HOW A BAND OF LAW STUDENTS SUED THE PRESIDENT--AND WON

A revealing look at the legal system, a compelling human rights story and an inspirational tale of dedicated people who...

A cadre of dedicated Yalies takes on the U.S. government in the case of Haitian refugees in the early 1990s.

Before Guantánamo Naval Base in Cuba made headlines for its detention of suspected terrorists, it served as temporary home to some 12,000 Haitian refugees fleeing the sadistic military regime that in 1991 ousted newly elected president Jean-Bertrand Aristide. When a group of Yale law students learned that the Immigration and Naturalization Service was returning nearly all the refugees to Haiti, where they would face persecution—and perhaps even death—the students decided to sue the government. Led by professors Harold H. Koh and Michael Ratner, the students put aside class, work and graduation preparations to pursue the case, conducting all-night research sessions and traveling to interview the detainees.
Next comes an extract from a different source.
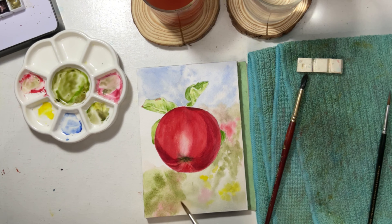Hi, I am Bianca. I am a watercolor artist. I create watercolor tutorials and art supplies reviews.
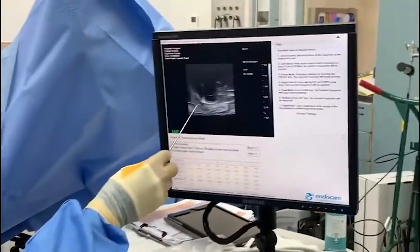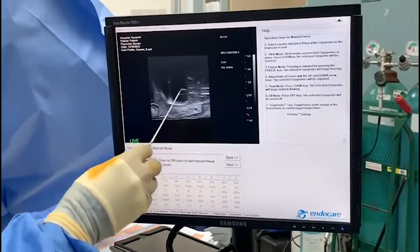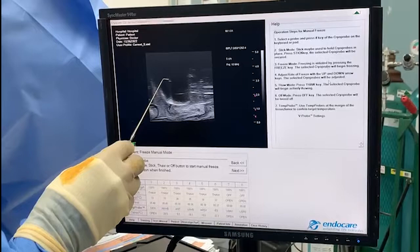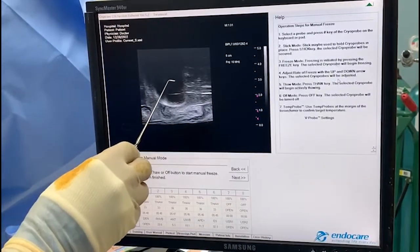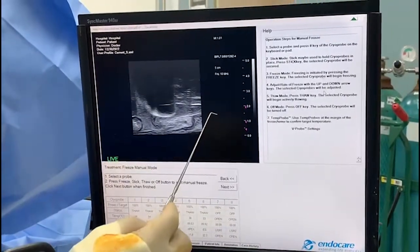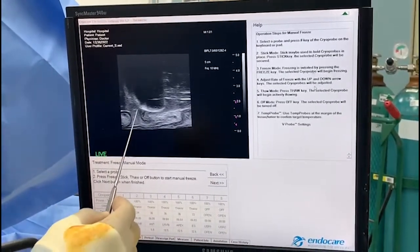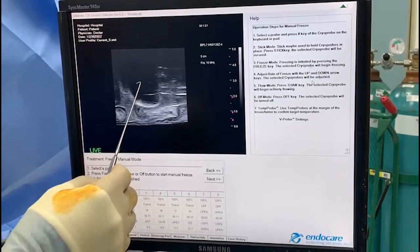You can see we're going through the thaw process now — remember it thaws from the inside out, not from the outside in. The ice ball is regressing. One critical point: the reason I turn off the first channel is that the anterior probe, if you keep freezing beyond eight minutes total, you'll start to get penile edema. So you should stick it early on. Another advantage is that I can start thawing the right side while keeping the left freezing, which would reduce procedure time — though I prefer keeping things even.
They argued all the way to the Supreme Court, focusing worldwide attention on the plight of some 300 HIV-positive refugees incarcerated in Guantánamo’s squalid detention center. Both George H.W. Bush and Bill Clinton (who had decried his predecessor’s Haitian policy during the presidential campaign) were content to let the detainees languish indefinitely. Aided by the high-powered firm of Simpson Thacher & Bartlett, who worked pro bono, the students eventually won the Haitians’ release and brought them to the U.S. Journalist Goldstein, himself a Yale Law grad, manages to bring passion and drama to a story that consists primarily of legal filings. It helps that he focuses on the wrenching story of one activist refugee who was forced to leave her family behind in Haiti. The dozen or so students are less clearly drawn, but no less heroic for risking their careers.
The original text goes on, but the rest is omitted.